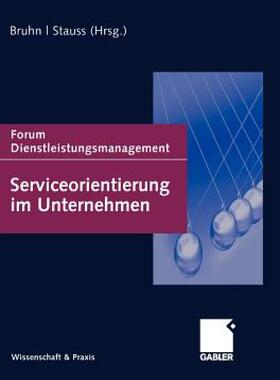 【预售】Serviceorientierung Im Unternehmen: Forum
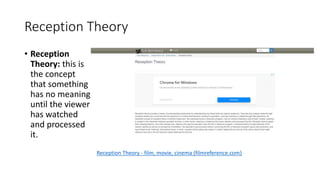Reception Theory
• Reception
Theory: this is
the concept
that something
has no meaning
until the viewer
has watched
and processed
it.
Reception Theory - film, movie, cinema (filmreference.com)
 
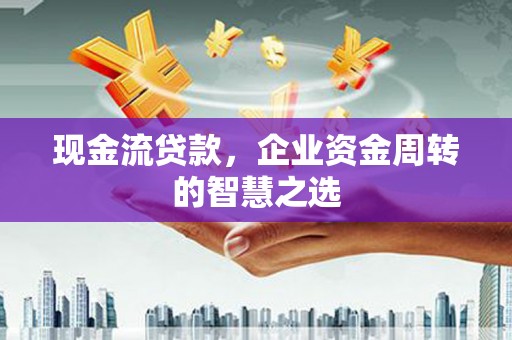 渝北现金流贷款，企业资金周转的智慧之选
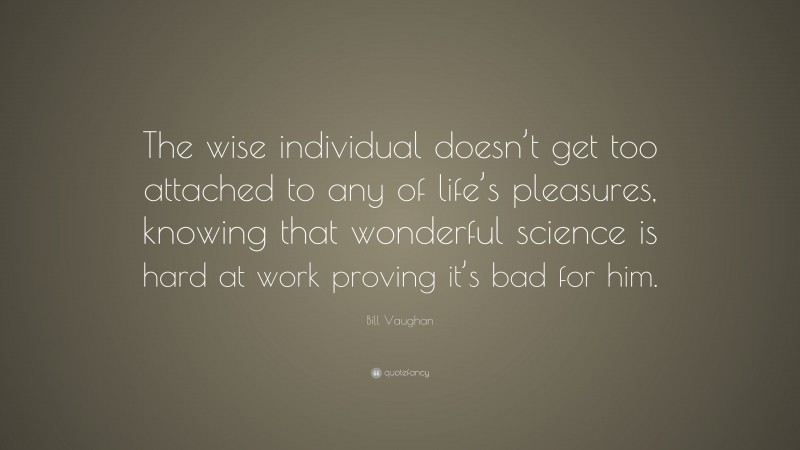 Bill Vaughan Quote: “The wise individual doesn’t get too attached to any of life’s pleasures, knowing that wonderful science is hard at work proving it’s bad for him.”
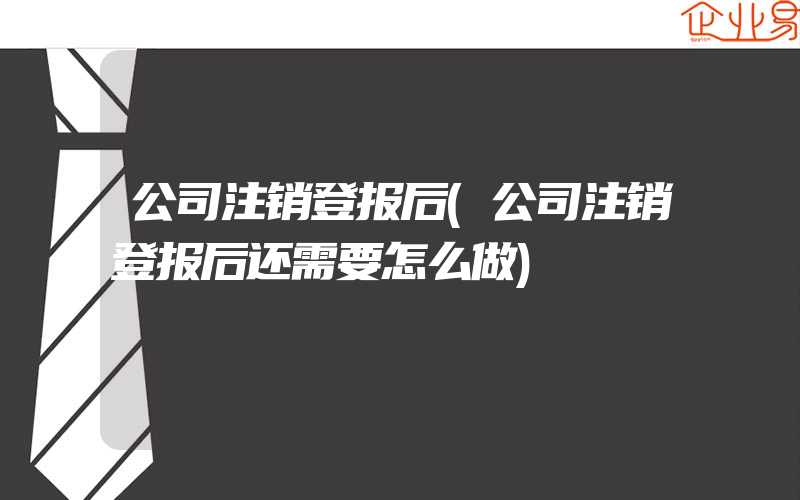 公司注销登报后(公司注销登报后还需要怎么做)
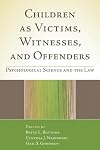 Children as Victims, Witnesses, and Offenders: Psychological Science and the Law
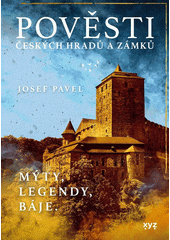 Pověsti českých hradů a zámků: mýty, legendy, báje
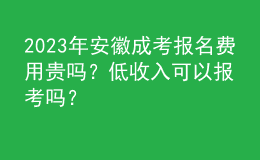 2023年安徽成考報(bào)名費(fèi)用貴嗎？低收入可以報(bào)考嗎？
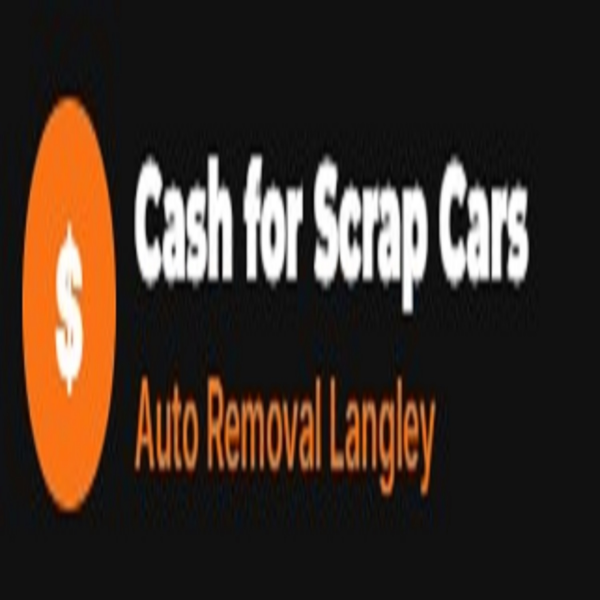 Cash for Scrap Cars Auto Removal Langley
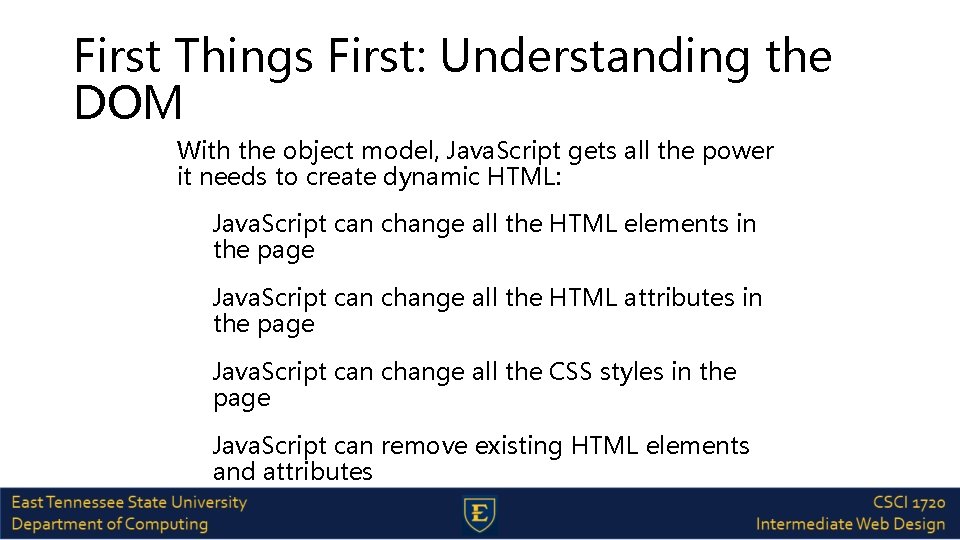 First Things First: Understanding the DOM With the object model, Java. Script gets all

BRIEF — Repeat each line word for word, from the one with "and processed" down to the last line of the data, and keep the pictures out of it.

SOLUTION FOR THIS TASK —
and processed
it.
Reception Theory - film, movie, cinema (filmreference.com)
 
 渝北现金流贷款，企业资金周转的智慧之选
 Bill Vaughan Quote: “The wise individual doesn’t get too attached to any of life’s pleasures, knowing that wonderful science is hard at work proving it’s bad for him.”
 公司注销登报后(公司注销登报后还需要怎么做)
 Children as Victims, Witnesses, and Offenders: Psychological Science and the Law
 Pověsti českých hradů a zámků: mýty, legendy, báje
 2023年安徽成考報(bào)名費(fèi)用貴嗎？低收入可以報(bào)考嗎？
 Cash for Scrap Cars Auto Removal Langley
 First Things First: Understanding the DOM With the object model, Java. Script gets all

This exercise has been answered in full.